ImpactAlpha, October 13 – Impact investing assets under management surpassed $1 trillion as funds, foundations, development finance agencies and other investors have sought impact in private-market opportunities.
Still, the milestone, reported by the Global Impact Investing Network, is a drop in the bucket of global finance. The real action: the $100+ trillion in publicly listed equities of the corporations that drive the global economy.
The GIIN, long focused on the impact of private investments, is looking to stake out some impact turf in public-equity and fixed-income investing.
“So much capital is in listed equities,” The GIIN’s Amit Bouri told ImpactAlpha on the sidelines of the GIIN Investor Forum, which convened in The Hague this week after a three-year hiatus. “We would also like that capital activated around driving positive impact in the world.”

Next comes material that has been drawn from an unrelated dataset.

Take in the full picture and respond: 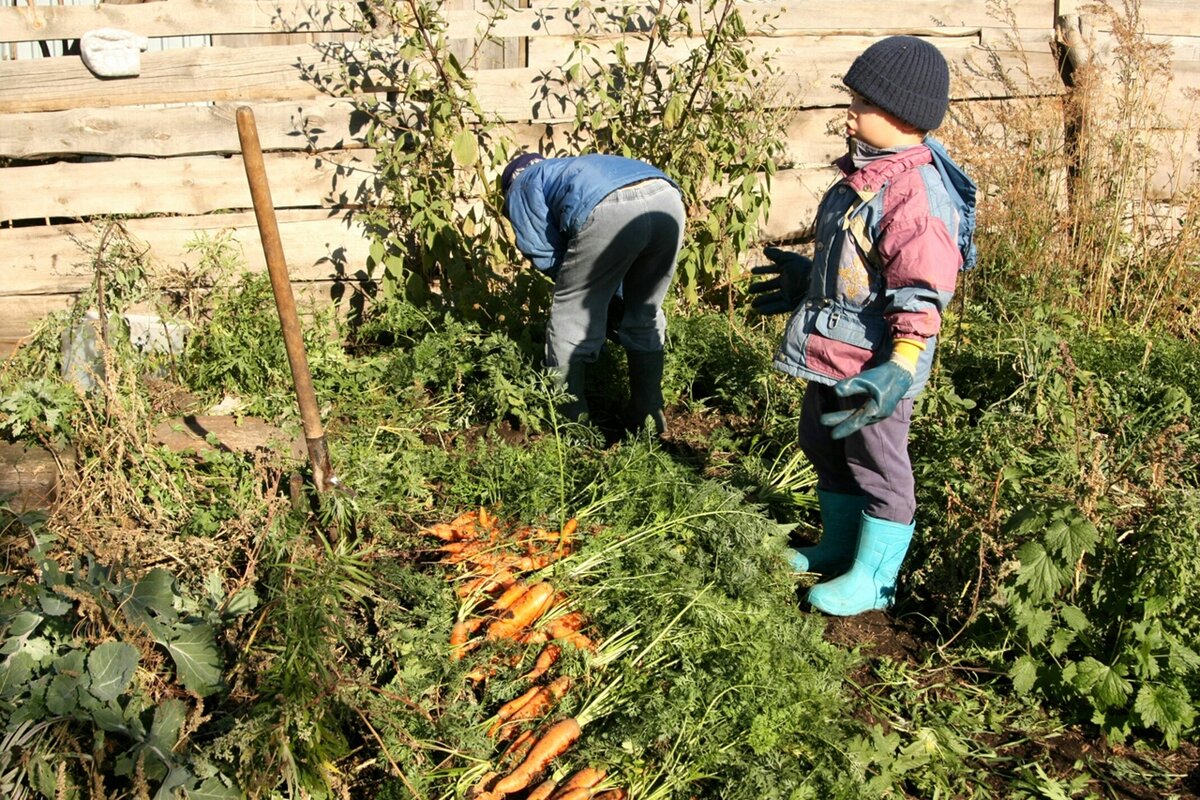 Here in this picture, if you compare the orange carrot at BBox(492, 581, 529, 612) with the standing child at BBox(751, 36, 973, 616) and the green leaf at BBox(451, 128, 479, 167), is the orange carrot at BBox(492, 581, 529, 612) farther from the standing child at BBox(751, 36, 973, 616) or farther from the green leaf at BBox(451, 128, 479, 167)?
the green leaf at BBox(451, 128, 479, 167)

Conventional wisdom among impact investors has long held that investments in publicly traded corporations produce little impact. Shares are generally purchased from existing shareholders rather than the companies themselves. And, at least in the case of large-cap companies, other buyers are plentiful, limiting the additionality of impact capital. In the GIIN’s market sizing survey in 2018, investments seeking to achieve impact through listed equities accounted for only 17% of the global impact investing assets under management.
“As impact fund managers like us continue to succeed, we’ll help create more opportunities for high-impact companies to become part of public-equity portfolios,” said Amie Patel at Elevar Equity, an impact investment firm focused on emerging markets. “But we’re at least three to five years from that, so the question is about what we can do in the public markets now.”
A GIIN working group assembled two years ago to apply impact investing best practices to public equities has produced draft guidelines. Another report, looking at corporate venture funds, Treasury assets and other ways that corporations can have impact, is expected next month.
The rising interest in public-equities impact was prompted by corporate interest in opportunities to drive revenues with social and environmental solutions. New public market funds are claiming to deliver “impact,” adding to the confusion around terms such as sustainable investing and ESG, for consideration of environmental, social and governance factors.
“Impact labels are starting to show up in equity strategies, and there wasn’t any clarity around what should count as impact,” explained Bouri. “We want to make sure that listed equity strategies that focus on impact are reinforcing the broader definition of impact investing, as opposed to diverging from it.”
Critics on the right and left have stepped up attacks on ESG. Some investors are moving beyond the controversies to look at companies’ “externalities,” both positive and negative. “We have to move to total impact investing,” said Steve Howard of Temasek, a global investment firm owned by the government of Singapore.
“This is not about discretionary parts of our portfolios. I don’t think in five or 10 years time we’re going to be in a position to say we can take a small amount of cash and have that in service of doing good,” Howard said. “We have to put everything in service of doing good, because in the crowded world where we’re pressed for time on climate change, then really, we have no choice.”
The perception that “exits” are few and far between has long stifled investor interest in impact funds. Emerging market fund managers are proving they’re possible in markets many mainstream investors deem too risky. Lagos-based agribusiness investment firm Sahel Capital notched its first exit, a dairy company in northern Nigeria that it backed in 2015. Ascent Capital, an East African private equity fund that has raised $200 million through two funds, inked an exit of a healthcare diagnostics company in Ethiopia from its first fund.
Key to success: local market knowledge, said one Africa-focused fund manager at the International Finance Corp.’s SME Venture Forum alongside the GIIN gathering. “Investing in Africa is not about how clever you are, it’s about the kinds of relationships you have and maintain with entrepreneurs,” he said. That applies to acquirers as well, he added. “We focus on people who understand how these markets work.”
Critical gaps in the impact ecosystem remain, including small business financing in emerging markets, climate adaptation, and women-led funds – as made evident at the IFC forum, where a session featuring managers raising second, third or fourth funds included no women. Development finance institutions, despite their mandates, have been stubbornly risk-averse.
To bridge such gaps, British International Investment, formerly CDC Group, launched a new funding vehicle that can take on more risk than even its existing $1 billion “catalytic strategies” portfolio (see, “How CDC Group is innovating with catalytic capital”). The new investment facility, called Kinetic, is being piloted with £40 million in grant capital from the U.K. Foreign and Commonwealth Development Office, to use “highly flexible investment instruments” to invest in climate innovation in Africa and Asia, BII’s Yasemin Saltuk Lamy told ImpactAlpha. “We believe this partnership will foster a pioneering portfolio to help communities adapt and achieve climate resilience.”